Africa’s second-most populous nation plans to spend 144 billion birr ($7.8 billion) developing its economy this fiscal year as part of a five-year plan that ends in mid-2015. Investments are to be made in rail, power, sugar, roads and housing projects as Ethiopia seeks to become an industrialized middle-income nation by 2025.
“Finance has become a challenge,” Abraham said on Feb. 8. “As we intensify implementation of the plan, finance is increasingly becoming a critical constraint.”
Growth in sub-Saharan Africa’s fourth-biggest economy slowed to 8.5 percent in the 12 months to July 7, the end of Ethiopia’s fiscal year, from 11.4 percent a year earlier, as agricultural productivity gains slowed, Abraham said. The expansion is expected to accelerate to more than 10 percent this year as investment in farming boosts output, he said. The International Monetary Fund projects growth will be 6.5 percent.
The government has been urged by the IMF to “rethink” its infrastructure investments and modify a requirement that commercial banks buy central-bank securities equivalent to 27 percent of the loans to help fund development projects. The Washington-based lender also advised the government to raise official interest rates, which are currently at about 5 percent.
Demand for credit from public enterprises is crimping private industry and an inflation rate well above lending rates is discouraging saving, the IMF said in October. Annual inflation slowed to 12.5 percent in January from 12.9 percent the month before, according to the country’s statistics agency.
The government will conduct a mid-term review of the five- year growth plan at the end of this fiscal year, Abraham said. Projects that boost business, such as a railway that links Addis Ababa to Djibouti, the country’s main trade route, and hydropower dams, will be prioritized, he said.
The Export-Import Bank of China loaned Ethiopia $475 million for railways in June, according to Finance Ministry data. The government is also discussing advances with India and other countries for the project, Abraham said.
While the country experienced a surge in demand for foreign exchange due to “uncertainty” at the time of former Prime Minister Meles Zenawi’s illness and death in August, the central bank’s reserves haven’t dropped below the “critical level” of covering three months’ worth of imports, Abraham said. Ethiopia’s trade deficit was $7.5 billion last year.
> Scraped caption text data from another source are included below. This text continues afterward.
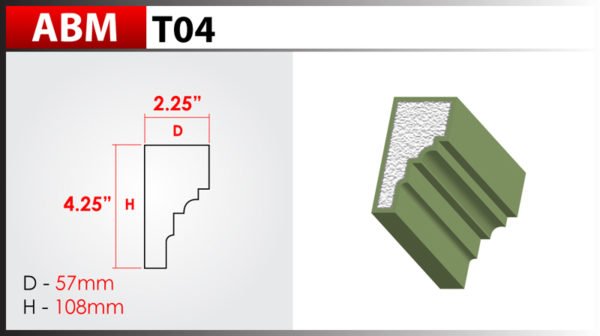 ABM T04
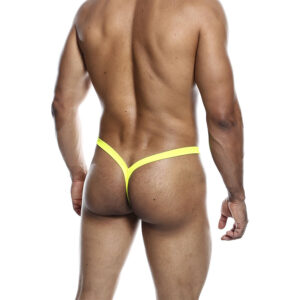 Mob-Tanga Galbenă, S/M/L 10 Mob-Tanga Galbenă, S/M/L - imagine 3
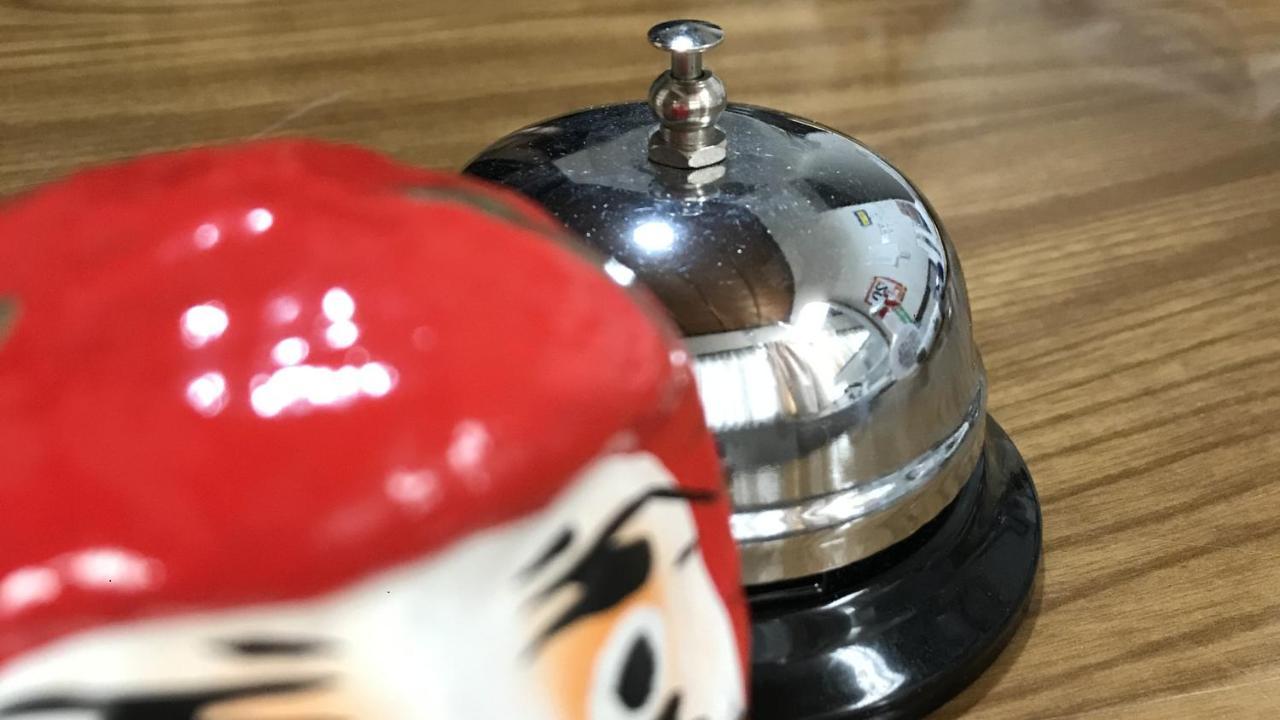 Hostel みんか松本 外观 照片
Ethiopia’s national savings rate as a proportion of gross domestic product increased to 16.5 percent from 12.8 percent last year as business saved for investment, bank branches were opened, people were educated about the benefits of saving and new instruments were offered, including bonds to fund what will be Africa’s largest hydropower project, the Grand Ethiopian Renaissance Dam, Abraham said.